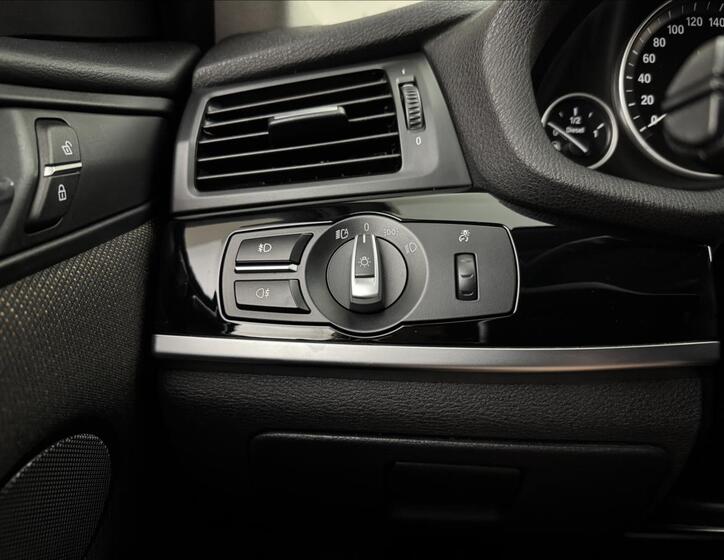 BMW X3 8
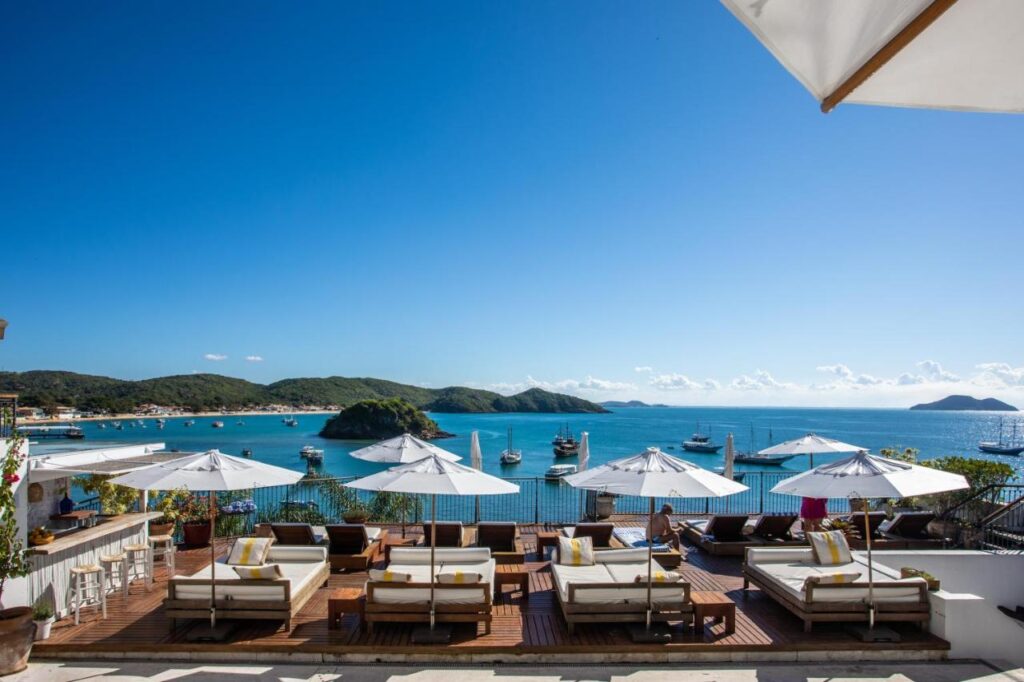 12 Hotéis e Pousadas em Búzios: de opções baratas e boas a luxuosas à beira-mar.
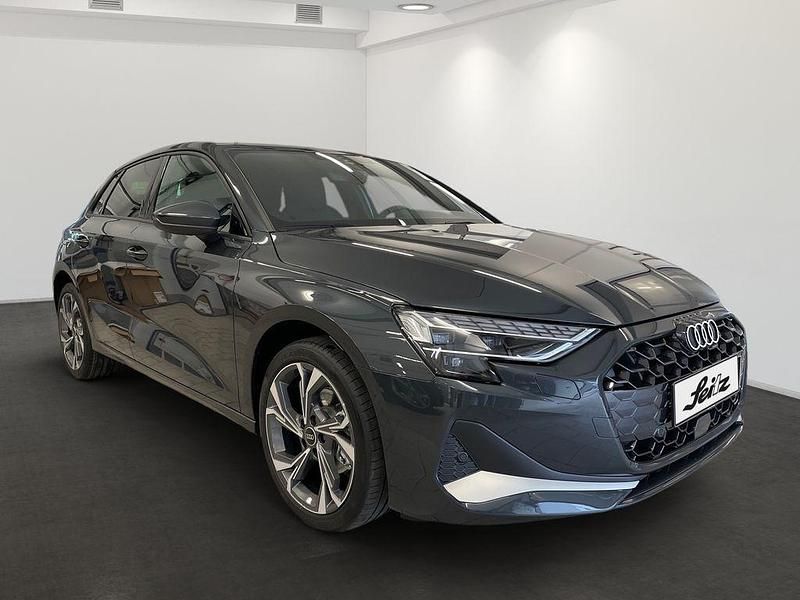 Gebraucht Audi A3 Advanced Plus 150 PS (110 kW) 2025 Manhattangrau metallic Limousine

==

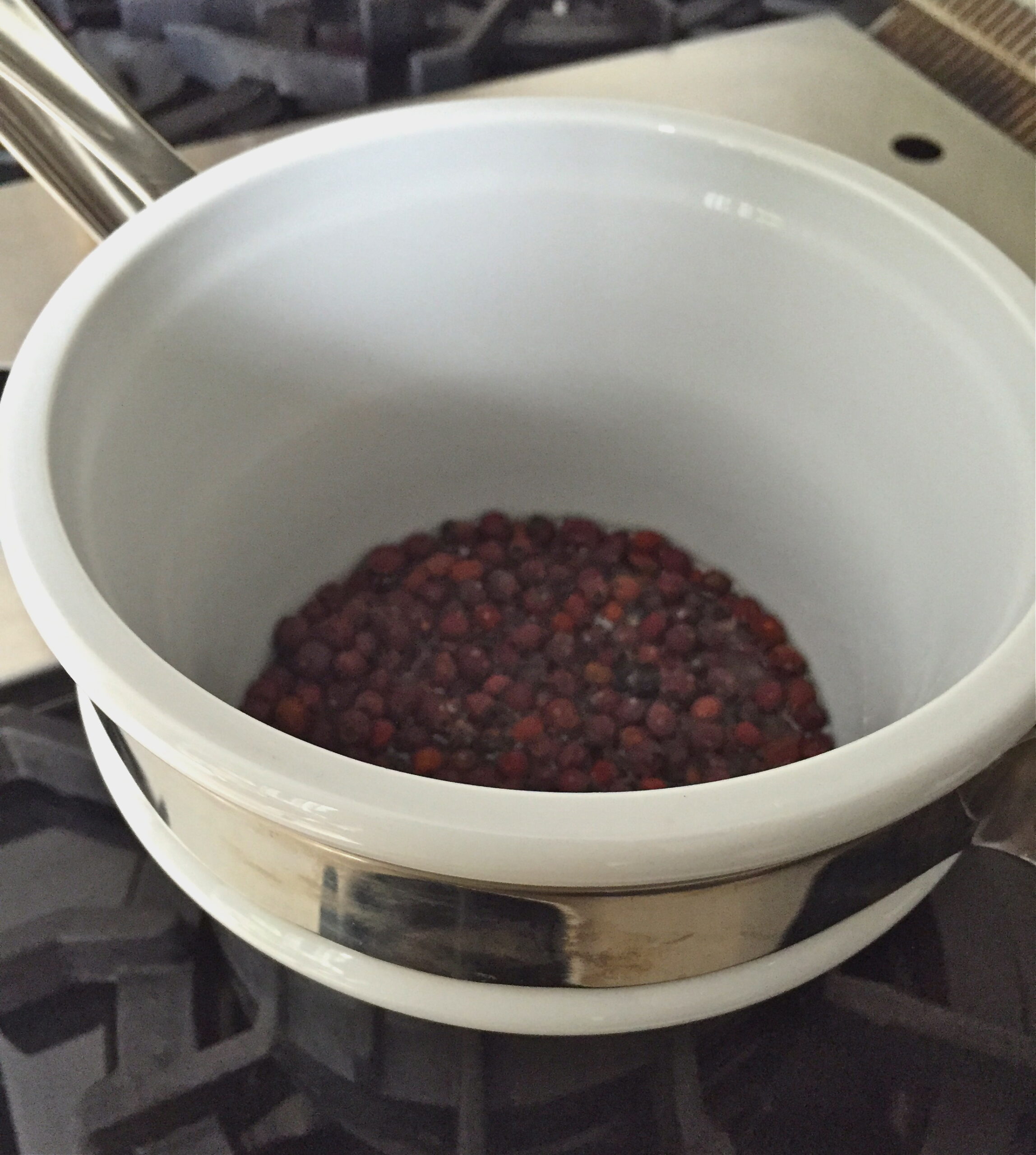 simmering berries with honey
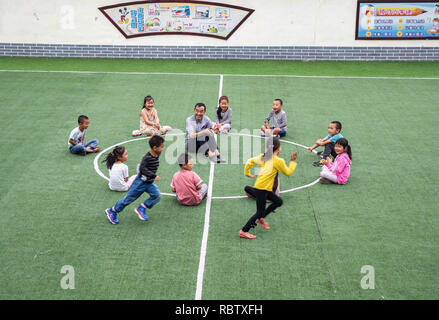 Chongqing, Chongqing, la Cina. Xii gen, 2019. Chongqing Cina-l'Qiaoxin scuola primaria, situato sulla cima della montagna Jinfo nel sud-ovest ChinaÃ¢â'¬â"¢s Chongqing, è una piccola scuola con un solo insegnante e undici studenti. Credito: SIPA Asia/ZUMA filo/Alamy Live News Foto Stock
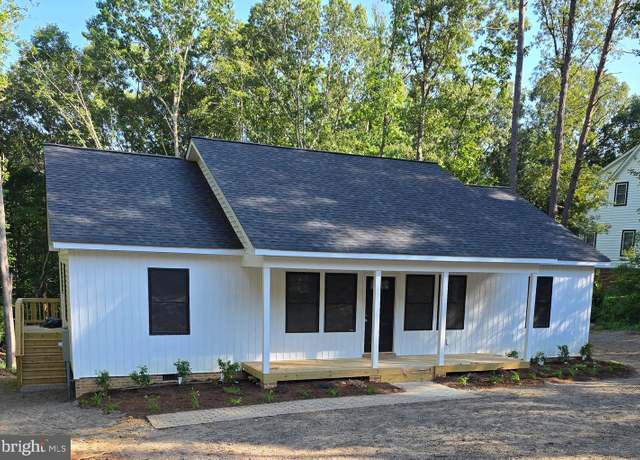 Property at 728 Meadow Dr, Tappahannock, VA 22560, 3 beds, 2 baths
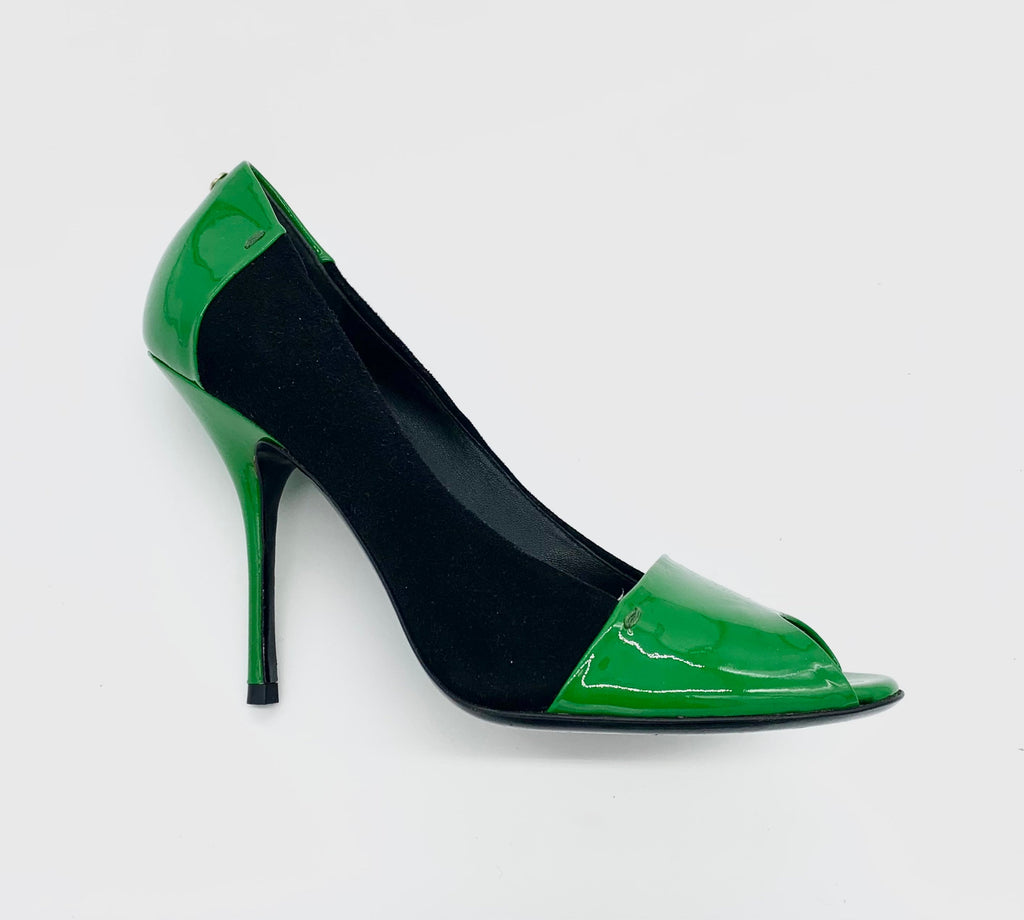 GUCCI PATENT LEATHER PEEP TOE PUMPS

...

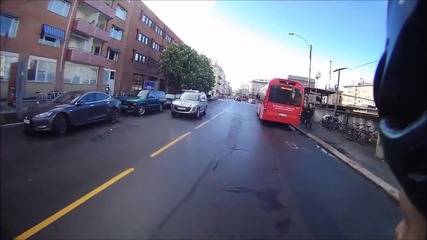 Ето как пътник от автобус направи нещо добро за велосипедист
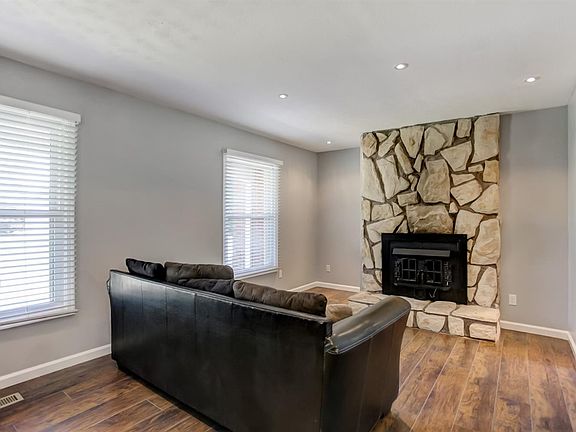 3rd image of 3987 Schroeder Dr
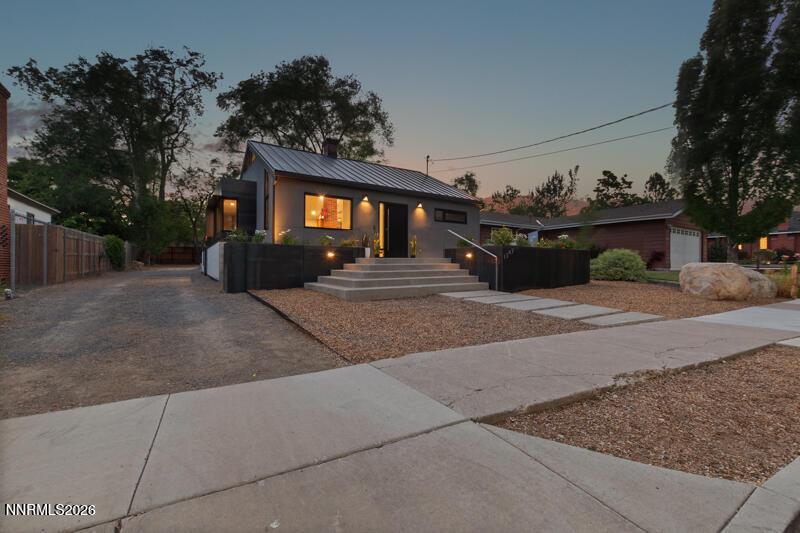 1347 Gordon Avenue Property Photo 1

Exercise requirements
In the entries above, find the line with "3rd image of 3987 Schroeder Dr" and the line with "1347 Gordon Avenue Property Photo 1". Return exactly those lines and all the ones between them, pictures excluded.

Solution to the problem
 3rd image of 3987 Schroeder Dr
 1347 Gordon Avenue Property Photo 1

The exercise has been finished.